There is also plenty of evidence that the average American sports fan is not using Messi as a gateway to MLS as often as expected. League executives once predicted that Messi mania and next year's World Cup will “double our fan base by 2026, then we'll double it and double it again.” Instead, average regular season attendance fell 5.5% year over year as MLS continues give way to European competitions during the American football boom. On Thursday, MLS boasted that overall weekly viewing figures for all matches were up 29%, but that could easily be attributed to an increase in streaming and international linear deals the league signed between the 2024 and 2025 seasons.
Google Search Messi remains behind Cristiano Ronaldo in the United States, who plays in Saudi Arabia, and spent the summer behind WNBA player Caitlin Clarke, who has burst into the national sports conversation in a way that MLS can only envy.
Yes, the rest of the world still loves Messi. Millions of people watch his highlights from Inter Miami and click on his name in the headlines. No, they don't seem to have turned into die-hard MLS fans. League Commissioner Don Garber suggested several ambiguous numbers earlier this year to support the claim that viewership was up “nearly 50% over last year”, then added that it was not “where we needed to be.” While Messi's contract reportedly included a portion of streaming revenue from the MLS Season Pass on Apple, the league announced this week that it would stage playoff games. free for all Apple TV subscriberssuggesting that the model didn't quite work.
after promoting the newsletter
If there was any hope that this whole “Lionel Messi, Florida Man” thing would become a broader cultural phenomenon, there hasn't been much sign of it yet. Ted Lasso and Welcome to Wrexham brought football into the entertainment mainstream, with 418,000 and 24,000 reviews on IMDb respectively. Apple's glossy documentary series “Messi Meets America” 458 reviews. No, it's not a missing comma.
The problem is that there isn't much story here. Messi supposed dominate MLS. When he succeeds, it is because he plays in what the world still considers, albeit unfairly, a “retirement league.” When he and his Barcelona buddies sometimes struggle (Inter Miami finished just third in the Eastern Conference this year), what do you expect? They are practically pensioners. No narrative to capture the imagination, just a weekly clip otherworldly goals they seem to exist outside of any actual competitive context, even to competition fans.

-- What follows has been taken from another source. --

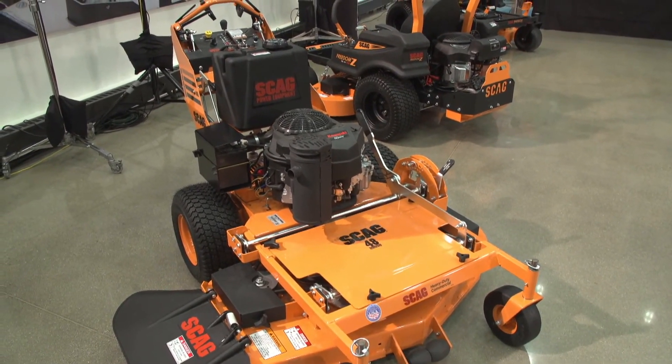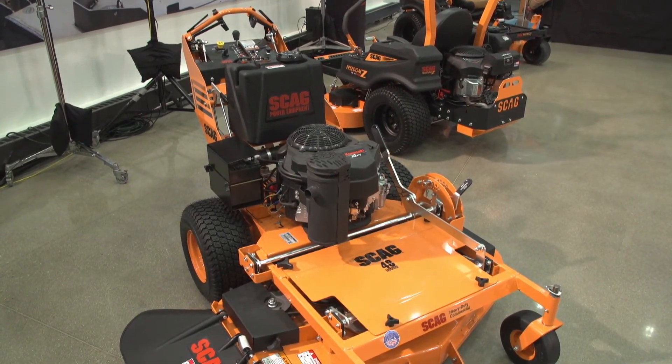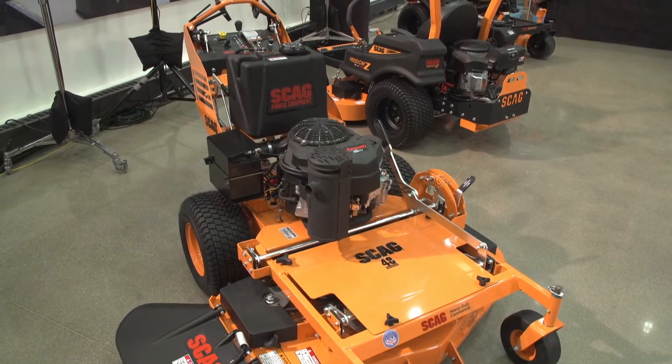With all the other electric start models we have, there's a larger capacity battery as well — very similar to what you see on the SWZ along with the other sit-down and stand-on products — so a little better load capacity for that battery going forward.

May be, MLS the playoffs could still add some spice to this experiment. America loves knockout tournaments, and the closest Messi has come to conquering the world's biggest sports market was those magical first few weeks when Inter Miami won the largely meaningless League Cup in 2023. Or maybe at next summer's World Cup he'll turn back the clock and remind people that he still has every minute left on the pitch to watch on TV.
At this point, it seems more likely, even after a contract extension, that Messi's tenure in Miami will go down in history as a half-forgotten footnote to a storied career, leaving MLS with a few new records but no real transformative changes.